▶ **Your instructions**
Everything from the line holding "Chantille Machine Washable" through the last line of the data, and nothing else, should be retyped exactly, with no pictures.

▶ **Input data**
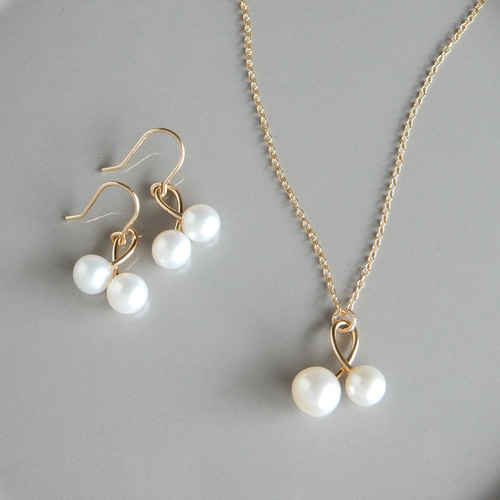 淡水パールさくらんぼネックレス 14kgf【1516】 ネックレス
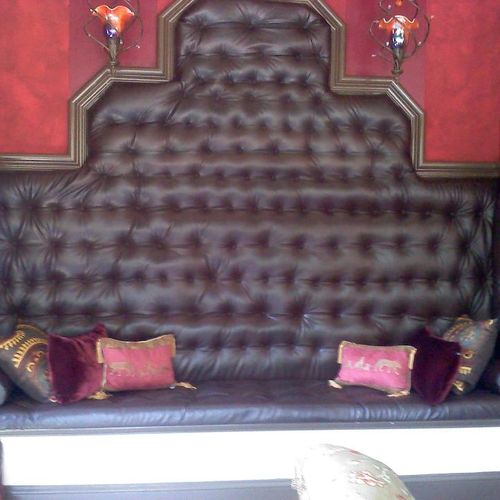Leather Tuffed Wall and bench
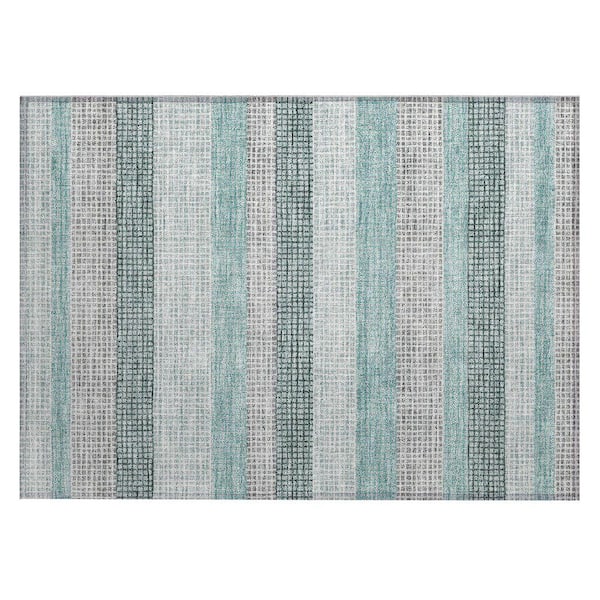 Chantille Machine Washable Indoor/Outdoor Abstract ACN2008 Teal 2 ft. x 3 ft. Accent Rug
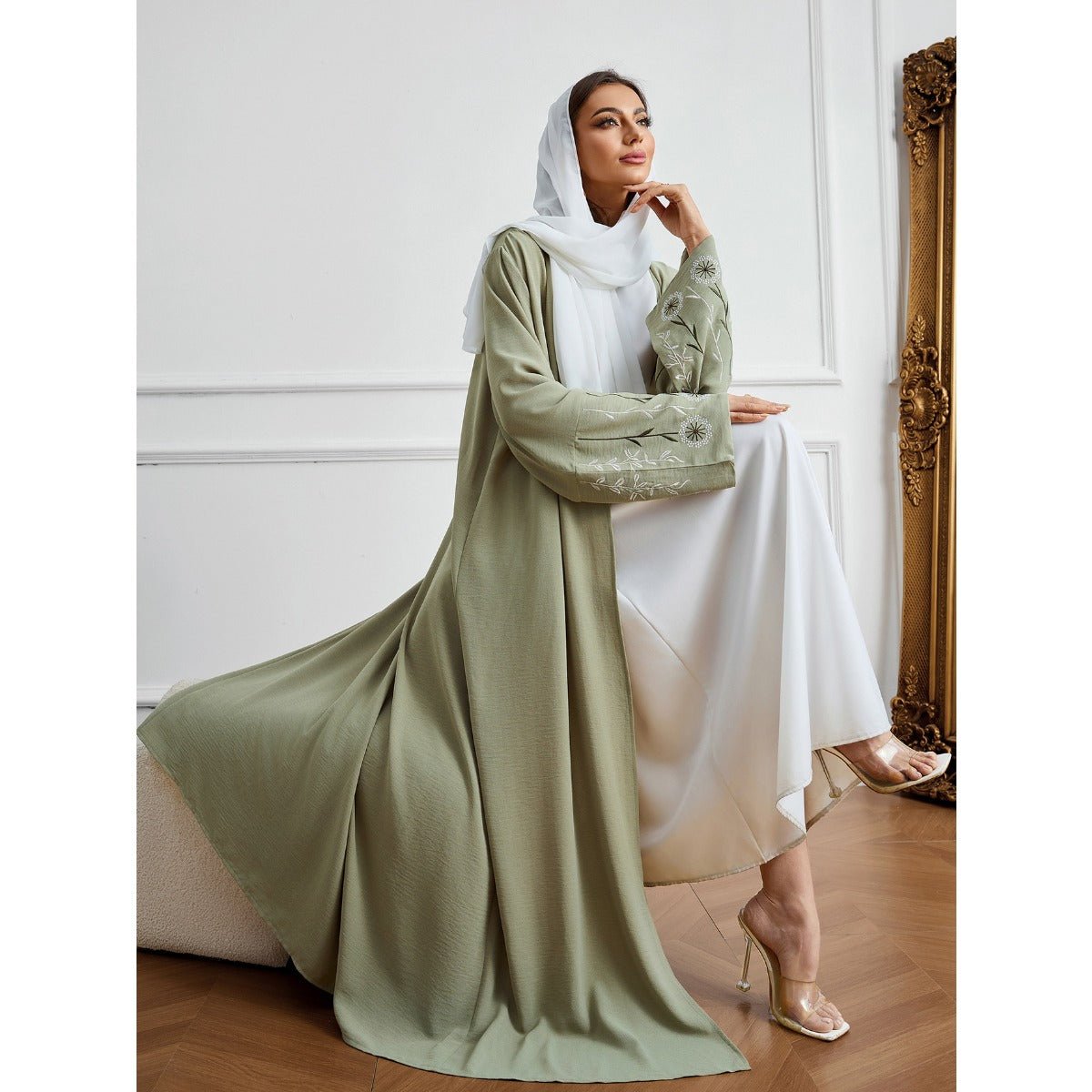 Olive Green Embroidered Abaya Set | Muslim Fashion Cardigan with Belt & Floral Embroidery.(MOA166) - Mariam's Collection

▶ **Task result**
 Chantille Machine Washable Indoor/Outdoor Abstract ACN2008 Teal 2 ft. x 3 ft. Accent Rug
 Olive Green Embroidered Abaya Set | Muslim Fashion Cardigan with Belt & Floral Embroidery.(MOA166) - Mariam's Collection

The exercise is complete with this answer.